Der 36-jährige Molekulargenetiker hat als wissenschaftliche Hilfskraft und Doktorand auf Basis zahlreicher befristeter Verträge in außeruniversitären Forschungseinrichtungen gearbeitet. Auch dort würden die Verträge nicht ausreichend lang laufen, um die Promotion oder Projekte abzuschließen, sagt er. Wichtige Experimente müssten beispielsweise bis zu einer Deadline interessante Ergebnisse liefern. Wenn die, wie in der Wissenschaft nicht unüblich, zunächst keine oder nur unklare Ergebnisse liefern, die nächste Verlängerung des Vertrags aber unsicher ist, habe man ein Problem. Diese Unsicherheit, ob es zur nächsten Verlängerung kommt, bedeutet auch, viele Überstunden zu machen, um in der kurzen Zeit die nötigen Daten sammeln und analysieren zu können. »Durchgearbeitete Wochenenden, lange Tage im Labor und zu Hause sind zur Normalität geworden«, erläutert er.

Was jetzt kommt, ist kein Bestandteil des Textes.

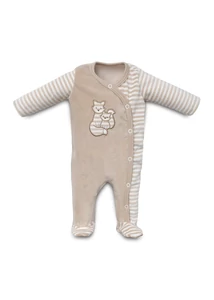 Kenguru Gold - Hosszúujjú plüss oldalt patentos rugdalózó (56-os)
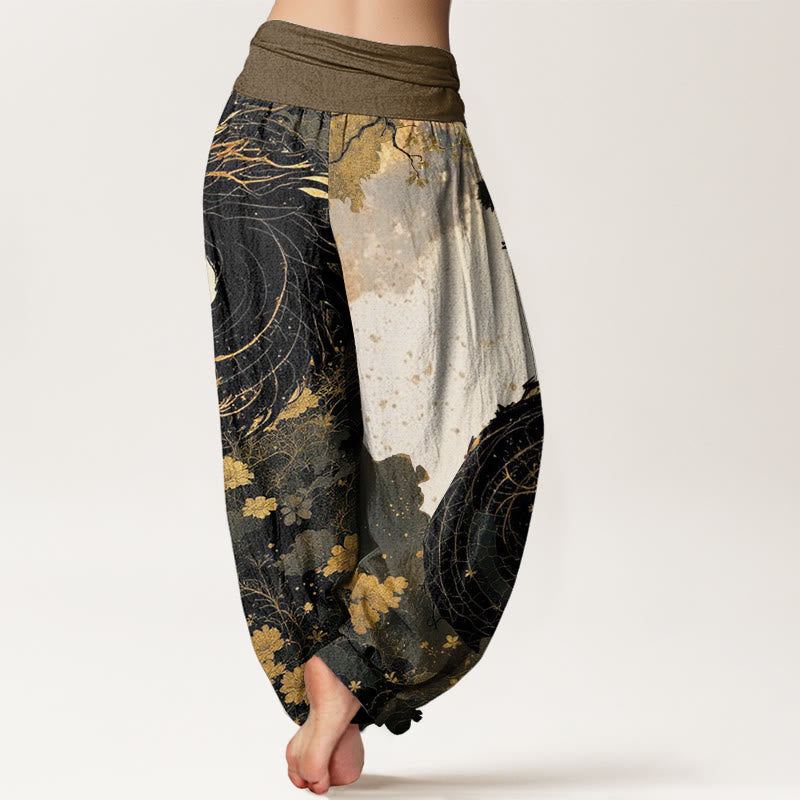 Nimara Ritual Cotton Casual Dragon Ancient Tree Pattern Women's Elastic Waist Harem Pants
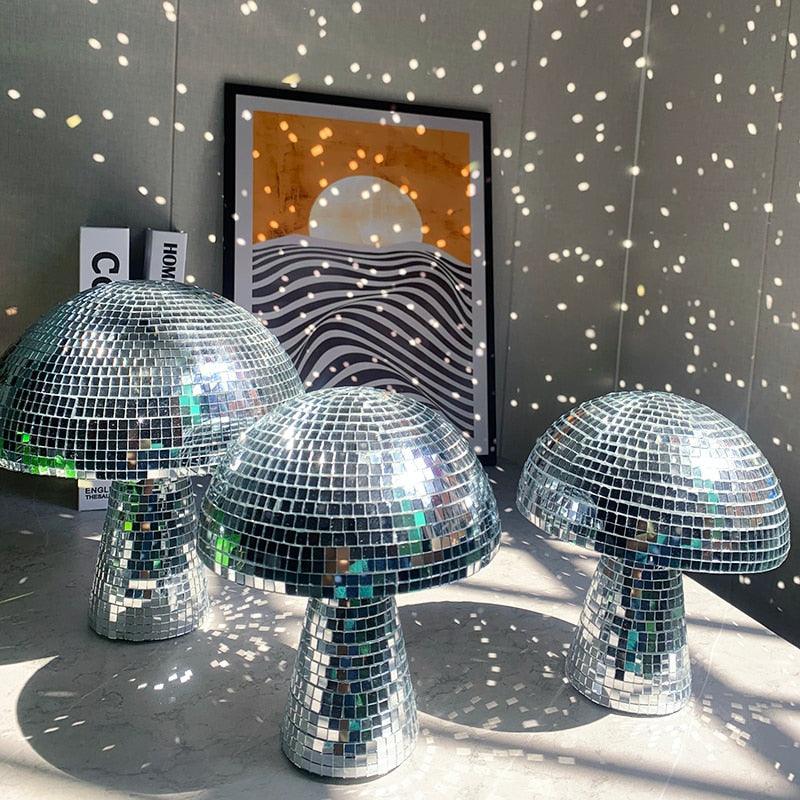 DazzleSpore | Disco Bal Paddestoel Home Decor - Funky LED Licht, Moderne Paddestoel Sculptuur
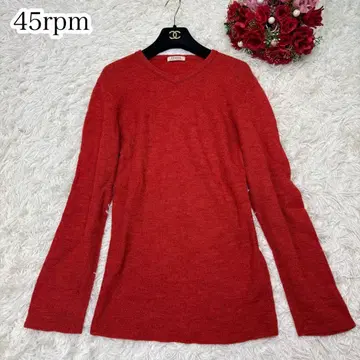 새상품급 45rpm L 상당 울 100% V넥 니트 스웨터 레드 3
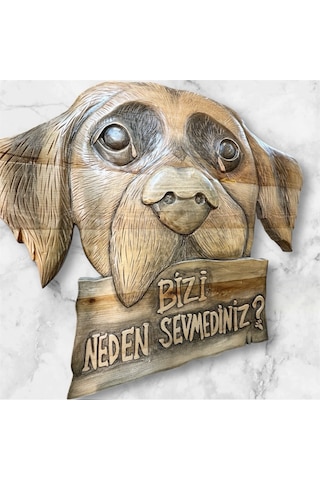 Ahşap El Oyması Sevimli Köpek Pano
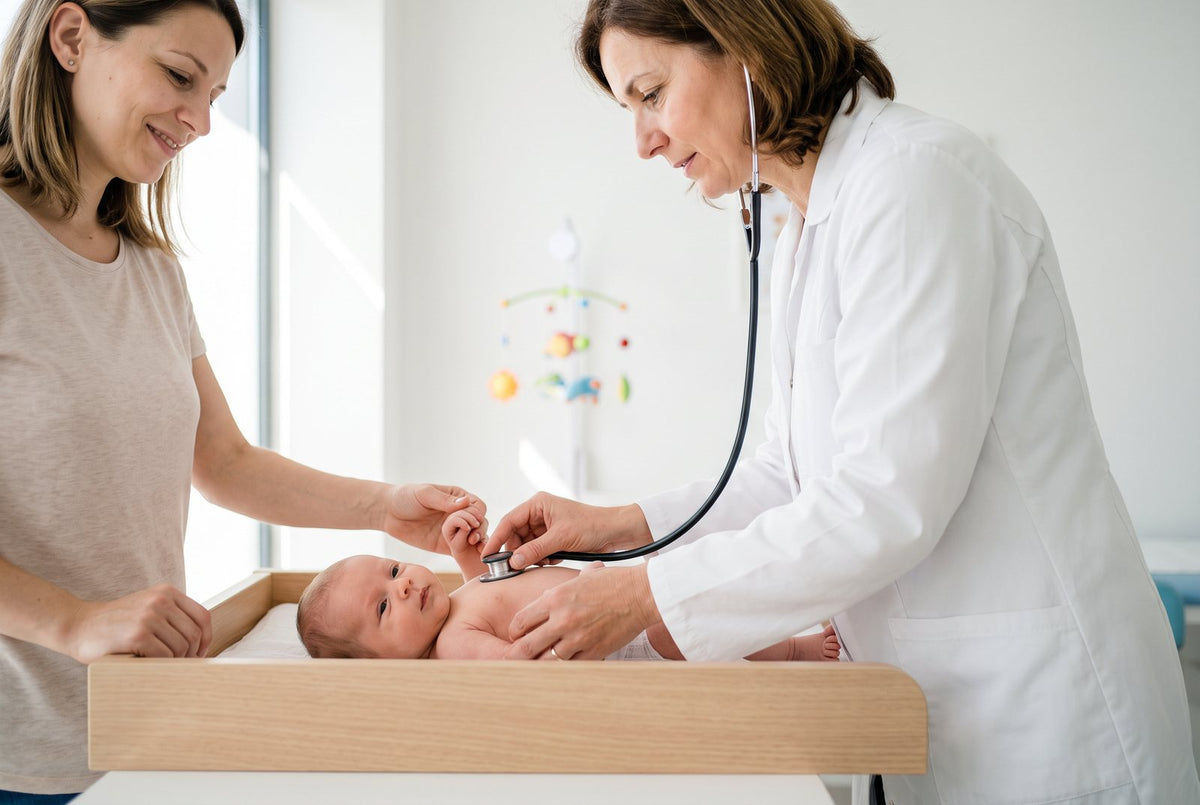 Kinderärztin untersucht ein Neugeborenes bei der Vorsorge: Bei U1, U2 und U3 bekommt jedes Baby in Deutschland Vitamin K gegen Mangelblutungen
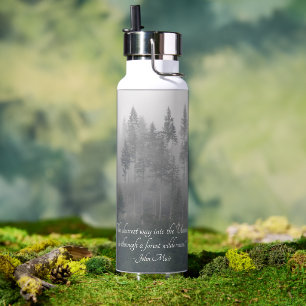 Forest Wilderness Foto mit John Muir Zitat Trinkflasche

In der Wissenschaft gilt bekanntlich das Prinzip »publish or perish« (»veröffentlichen oder untergehen«). Gut bewertete Studien, die in wissenschaftlichen Top-Journalen und -Verlagen veröffentlicht werden, gelten als Eintrittskarten für den Wettbewerb um Drittmittel. Nur wer viele beachtete Publikationen vorweist und Drittmittel im großen Umfang eingeworben hat, kann sich im Wettbewerb um eine Professur durchsetzen. Nebenbei haben natürlich noch Stallgeruch, Beziehungen und Auslandsaufenthalte an prestigeträchtigen Institutionen – mit sehr hohen Lebenskosten vor Ort – einen wichtigen Einfluss auf die Chancen im Wettbewerb um eine Professur.

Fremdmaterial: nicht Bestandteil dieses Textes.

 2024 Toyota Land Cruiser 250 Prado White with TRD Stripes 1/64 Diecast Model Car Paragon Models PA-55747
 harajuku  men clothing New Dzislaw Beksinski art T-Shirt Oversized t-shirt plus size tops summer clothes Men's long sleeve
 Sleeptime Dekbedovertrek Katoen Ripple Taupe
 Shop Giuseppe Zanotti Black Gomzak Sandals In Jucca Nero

Wer in Deutschland nicht in einer gewissen Zeit eine unbefristete Professur ergattern kann, hat kaum mehr nennenswerte Chancen auf eine Anstellung in der akademischen Forschung. »Als Wissenschaftler sehe ich für mich keine Perspektive in Deutschland«, meint Fritzler. Viele seiner Kolleg*innen und Bekannten seien bereits ins Ausland gegangen und wollten auch nicht zurückkehren. Der Wissenschaftsstandort Deutschland ist mit seinen prekären Arbeitsbedingungen offenbar alles andere als attraktiv und scheint derzeit einen regelrechten Brain Drain zu erleben. Viele Forschende wandern ab.

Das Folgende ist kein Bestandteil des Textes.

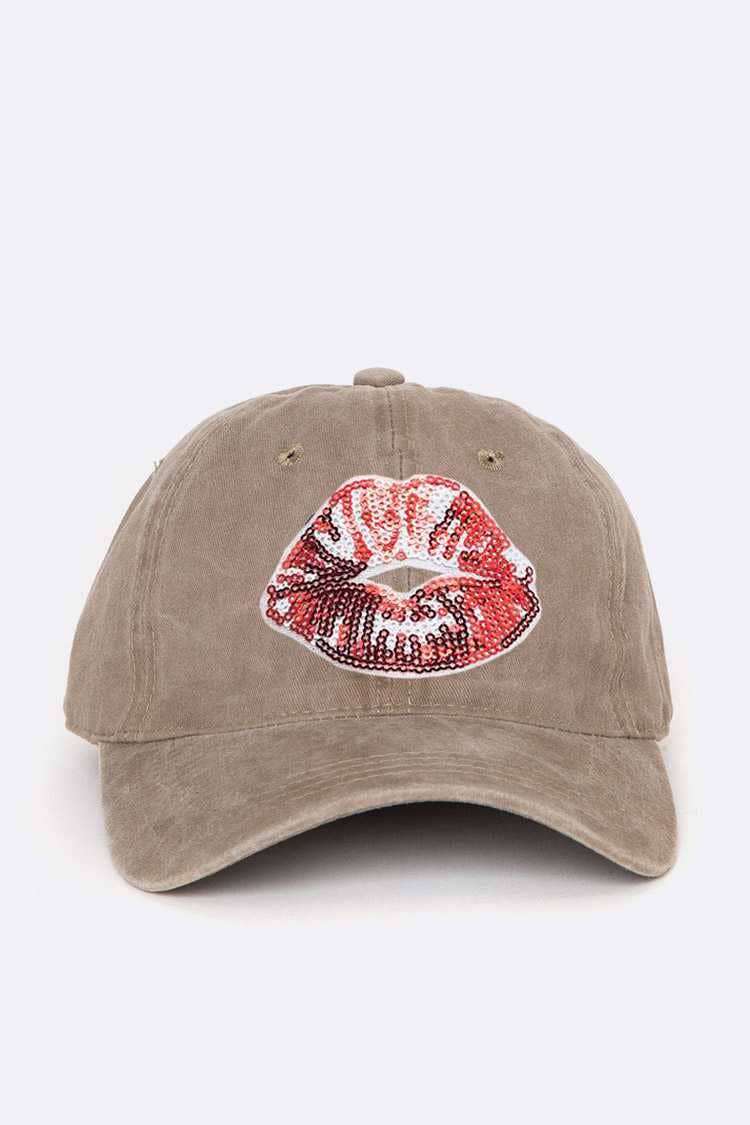 LA Jewelry Plaza - Wholesale Baseball Cap - Women's - Sequin Kiss Lip Patch Cotton Cap4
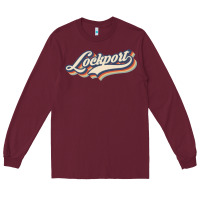 Burgundy I Love Lockport City Usa Retro Vintage Long Sleeve Tee - minhPixels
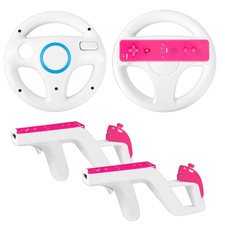Confezione 4 Set Volante Wii e Pistola Zapper - Compatibile con Telecomando Wii e Wii U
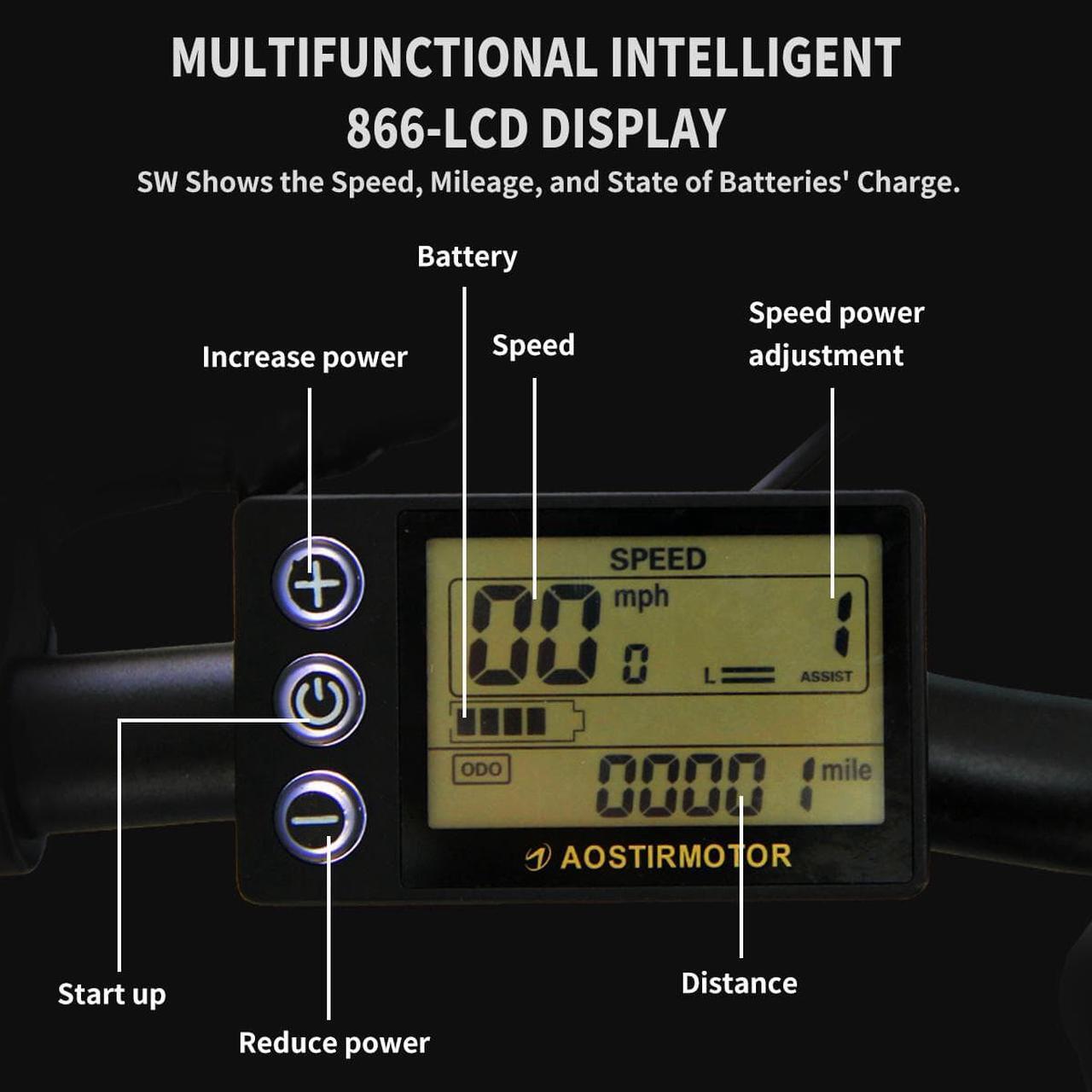Alt view image 5 of 6 - AOSTIRMOTOR A20 Folding Electric Bicycle 500W Motor 20" Fat Tire With 36V/13Ah Li-Battery RT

Das Ergebnis dieser Entwicklung hat Christian Schöch von der Universität Trier bereits beschrieben: Die Professor*innen haben mittlerweile immense Schwierigkeiten, promoviertes wissenschaftliches Personal zu finden. Und diese Berichte mehren sich inzwischen auch in Disziplinen, in denen es bisher ein deutliches Überangebot an Bewerber*innen gab. Der Molekulargenetiker Fritzler sagt schließlich: »Aus dem Konzept der ›Bestenauslese‹ bis zur Professur ist inzwischen eine ›Verbliebenenauslese‹ geworden« – unter jenen, die den Absprung ins Ausland verpasst haben.